Thabo Kawana is the man who can turn a microphone into a Molotov cocktail without breaking a sweat, the spokesperson who is not a minister, not a special advisor, not even the comms czar of State House, yet somehow manages to eclipse them all with one hot mic stunt on Diamond TV that makes the president himself look like a call in guest on his own show.

Mr. Cornelius Mweetwa, the actual minister of information, must have felt the sting of junior envy, watching his subordinate steal the limelight with a trick he himself never dared attempt.
Clayson Hamasaka, they call him Comms Specialist at State House too, the presidential comms specialist, has never pulled such a stunt, preferring the quiet dignity of scripted statements. Mostly funny.
But Thabo, ah Thabo, he thrives in the theatre of familiarity, calling the president live on air as if Hakainde Hichilema (HH) were his drinking buddy from Chibolya.
This is not random, it is choreographed, and therein lies the satire: the President of Zambia reduced to a prop in his own spokesperson’s show.
I must know this; I am a former newspaper CEO and Editor in Chief.
The pros are obvious—Kawana shows courage, loyalty, and a willingness to bite the bullet for his boss, much like Trump’s Steve Miller or Pete Hegseth in America.
The cons, however, drip with danger. Familiarity can backfire. In Africa, we saw how Mugabe’s spokesperson George Charamba often over performed his loyalty, sometimes making the president look smaller than the office itself, feeding resentment among ministers who felt sidelined.

Abroad, Sean Spicer in the US tried to defend Trump with theatrical loyalty, only to become a punchline and lose credibility, dragging the administration’s messaging into chaos.
Kawana risks the same fate: his boldness could make HH look like a man hiding behind his spokesperson instead of leading from the front.
When the bow breaks!

And the timing could not be worse. Farmers are unpaid, food and fuel costs are soaring into double digits, discontent is simmering six months before the polls. A hot mic stunt may entertain, but it does not feed hungry stomachs or calm angry voters.
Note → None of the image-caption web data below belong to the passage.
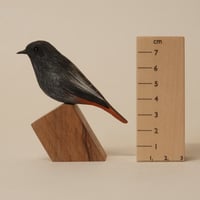 Image 2 of Black Redstart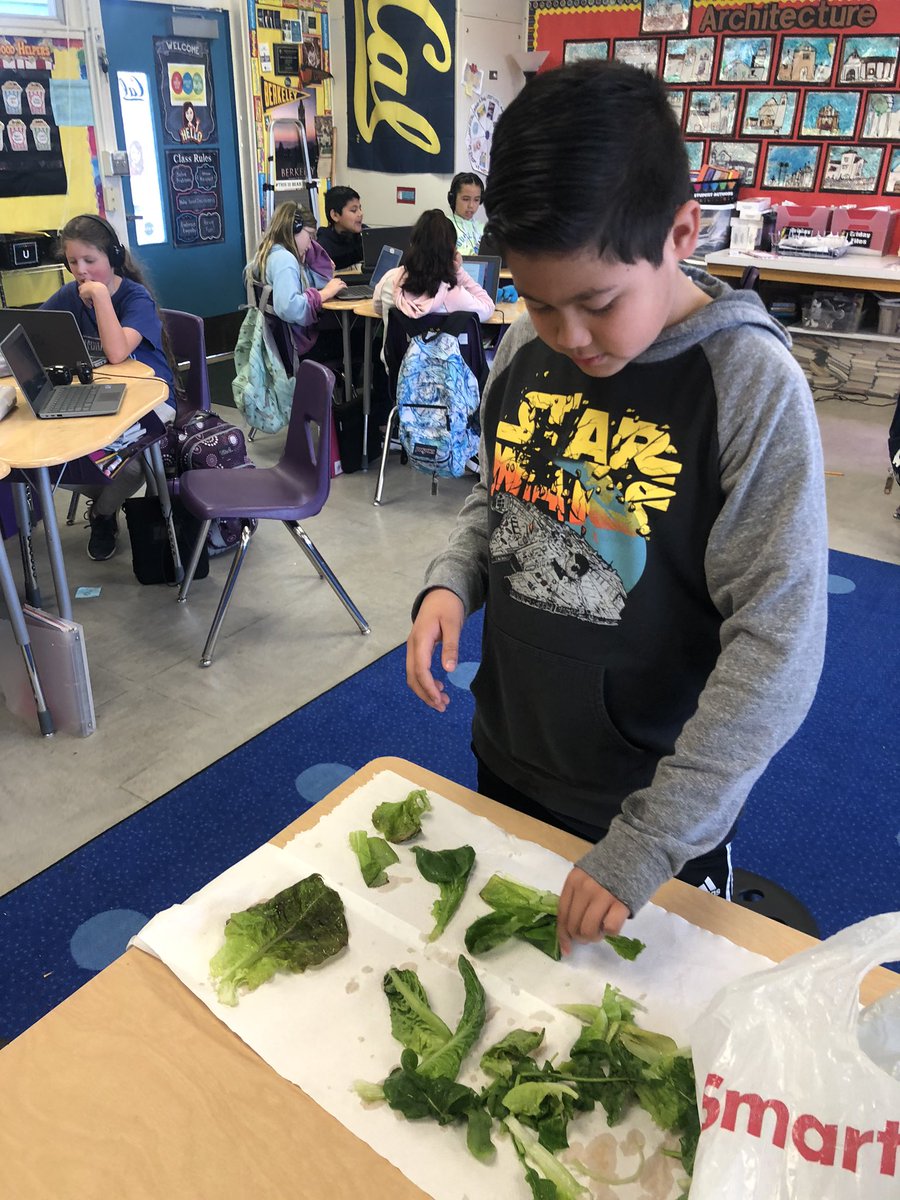 stutzmanink's tweet photo. Fun things have been growing in our indoor Aero Garden Farm! We had our first 🥗 harvest today . Yum! @NUSD1 @FarmtoSchool @lsecommunity https://t.co/3oubgRZ70p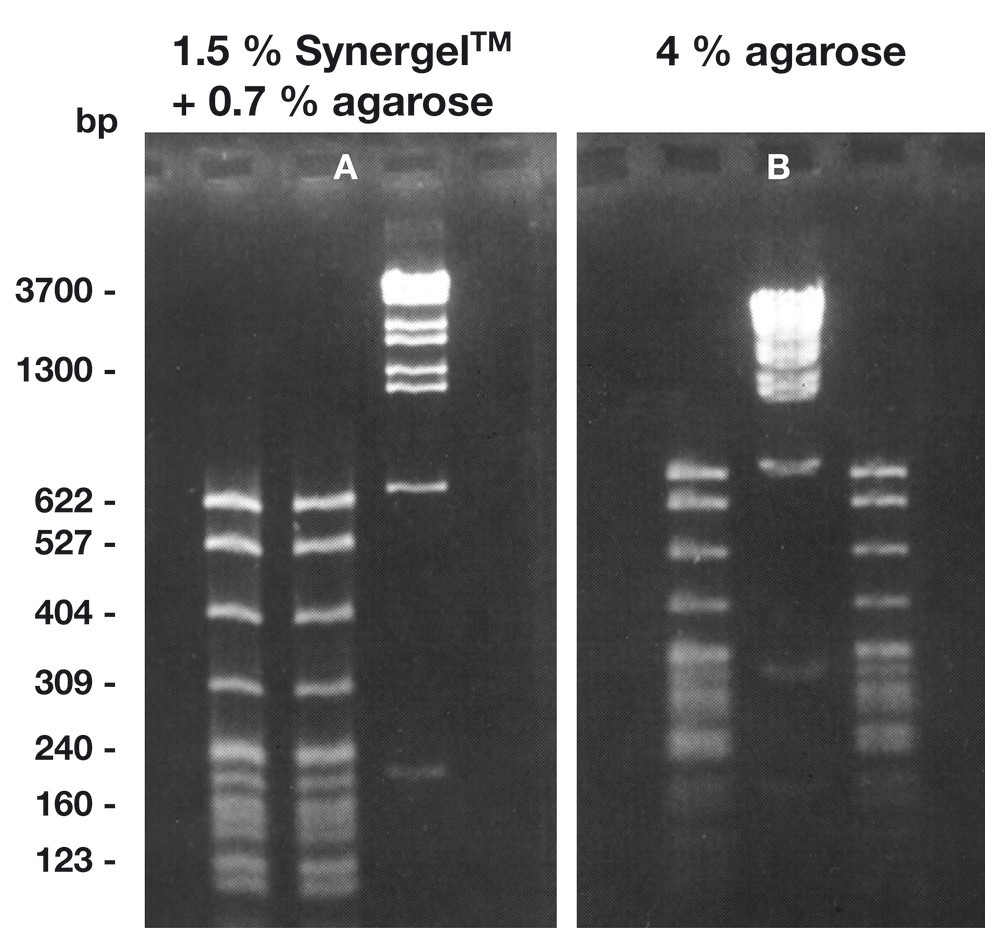 Agarose and Gelling Reagents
The PR could have been done better. In the US, after the BP oil spill, President Obama did not rely on a spokesperson’s theatrics; he addressed the nation directly, showing empathy and control.
President HH could have done the same—speaking to farmers, acknowledging their pain, promising concrete relief—rather than letting Kawana’s familiarity overshadow the crisis.
I love Thabo as a brother and admire his courage, but satire demands I ask: is this the best strategy now? Should Thabo do this again?

Perhaps not. His loyalty is unquestionable, but his timing is catastrophic.
What will brother Cornelius parambulate 😂
Mweetwa’s jealousy over his junior is palpable, the minister forced to watch as Kawana plays star while he remains a supporting actor. In the end, familiarity may win applause in the studio, but it risks losing votes in the field.